それなのに、あの角田という爺さんは、「儲ける気がない」と言っているらしい。

(そ、そんな馬鹿な・・・。だったら、どうして店なんかをやるんだ?)

そう思うのが普通である。



「どうも、町村さんが頭を下げてのことらしいな・・・。」

会長は、聞いた話として言う。


「えっ! そ、それって、どういうことなんです?」

小池のおっさんは訳が分からない。


「う~ん・・・、だから、ビルのオーナーである町村さんが、あの角田とかいう人に頭を下げたらしいんだな。

是非とも、あの正栄ビルで店をやって欲しいと。

だから、うちにも町村さんが付いてきたんだろう。」

「そ、そんなに凄い人なんで?」

小池のおっさんはそう訊くしかない。


「う~ん・・・、きっと、そうなんだろうな。」

「で、でも、儲ける気はないと?」

「ああ・・・、そうらしい。」

「じゃ、じゃあ、どうして?」

「ん?」

「どうして、そんな儲からない商売を町村さんが?」


「う~ん・・・、そこなんだが・・・。どうやら、街の活性化というか、そうしたものを町村さんは念頭においているらしい。」

「活性化?」

「ああ・・・。」

「・・・・・・。」

おっさんは首を傾げる。


確かに、ここ数年、商店街全体の売上も下がりっぱなしである。

街の人口も減少しているし、それに従って商店街への人出も目に見えて少なくなっている。

おまけに、郊外には大資本のモールやスーパーが進出をして、客足を奪っている。

商店街の約1割の店がシャッターを下ろしたままだ。


商店会としても、そうした現状をただ黙って見ていただけではない。

共通のクーポン券を発行したり、夏祭りを開催したりと、いろんな活性化施策に取組んできた。

それでも、集客を増やすことは残念ながら出来てはいないのだ。


それなのに、たった1軒の小さな店を招致したからと言って、それが商店街の活性化に繋がるとはとても思えなかった。

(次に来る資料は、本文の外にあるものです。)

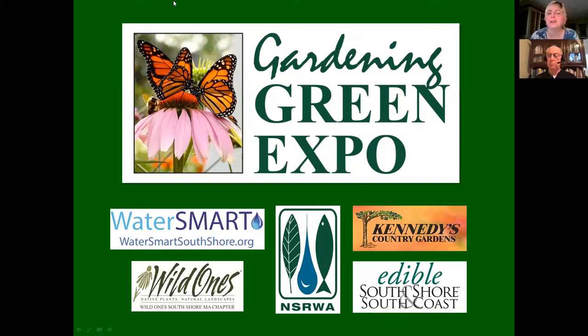Hello everyone. Welcome to Gardening Green Expo 2021. The Expo is sponsored by WaterSmart South Shore, the North and South Rivers Watershed Association, Kennedy's Country Gardens, Wild Ones South Shore Mass Chapter, and Edible South Shore.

「わしにも詳しいことは分からんのだが、あの町村さんが頭を下げて連れてこられたんだ。それなりの秘策ってのがあるんだろう。

町村さんからも、“暫くは黙って見てやって欲しい”と言われた。」

「そ、そうなんですか・・。」

「でもな、以前おられたところでは、とんでもないことが起きたそうだ。」

「とんでもないこと!」

おっさんは、「やっぱりな!」と思ったらしい。

自分の感性がずばり当たったと。


「ああ・・・、一度、その街を見てくれば良いとアドバイスされたよ。遠くから客がどっと来るらしいからな。」

「ええっ! そ、そうなんですか・・・。」

「その街には、今でも“がきだな”っていう店があるそうだ。」

「えっ! “がきだな”って?」

「あの角田さんがやる店の名前らしい。」

「そ、そうなんですか・・・。あああ・・・、そ、そう言えば・・・。」

おっさん、蕎麦屋の長さんがそんな変梃りんな名前の店だと言っていたなと思い出す。


「そういうことだから、この引越し蕎麦券、早急に配ってやって欲しい。

町村さんの手前もあることだしな・・・。」

会長は、そう言ったかと思う腰を上げた。


「ああっっ! も、もうお帰りで?」

おっさんが訊く。


「い、いや、ちょいと、その店を覗いてみようと思ってな・・・。」

そう言い残して、会長は事務所を足早に出て行った。